Requirement -> Start at the line that contains "hjulets svarta finish." in the listing below and extract every line through the last, exactly; leave pictures out.

Provided data ->
*** Begin section ***

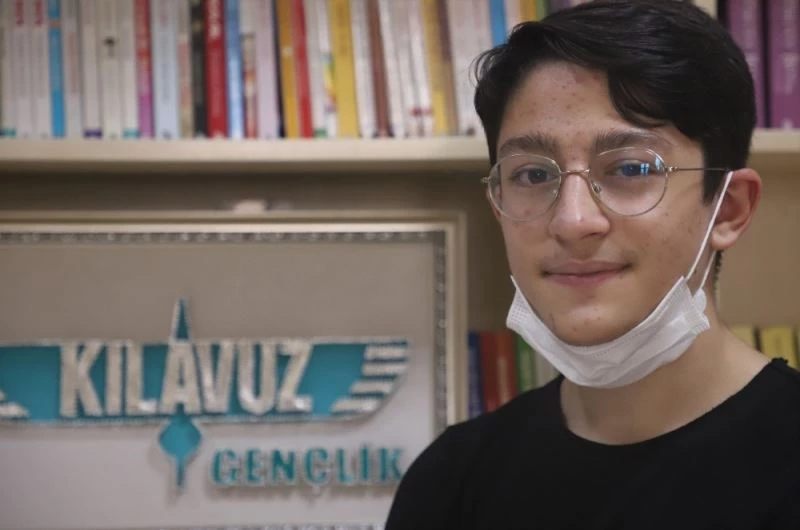 Kocaelili öğrenci LGS sınavında tüm soruları doğru cevapladı
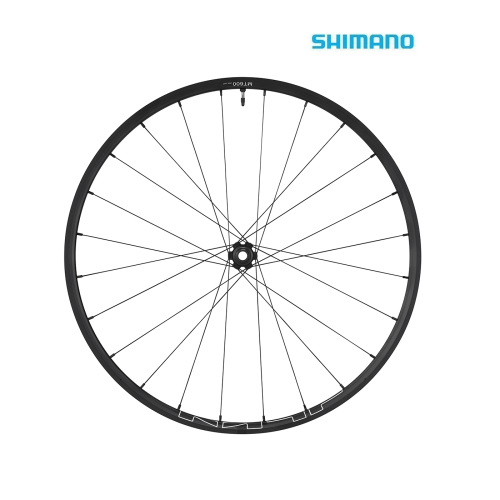 Shimano WH-MT600 29" framhjul med skivbromsfäste. Hjulet presenteras i en detaljrik bild med skarpt fokus, vilket framhäver dess komponenter och design. Belysningen är jämn och framhäver hjulets svarta finish.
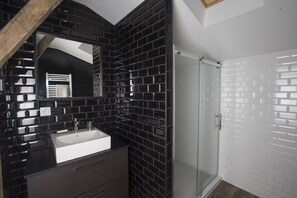 Badewanne, Haartrockner, Handtücher, Seife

*** End section ***

Answer for the task ->
 Shimano WH-MT600 29" framhjul med skivbromsfäste. Hjulet presenteras i en detaljrik bild med skarpt fokus, vilket framhäver dess komponenter och design. Belysningen är jämn och framhäver hjulets svarta finish.
 Badewanne, Haartrockner, Handtücher, Seife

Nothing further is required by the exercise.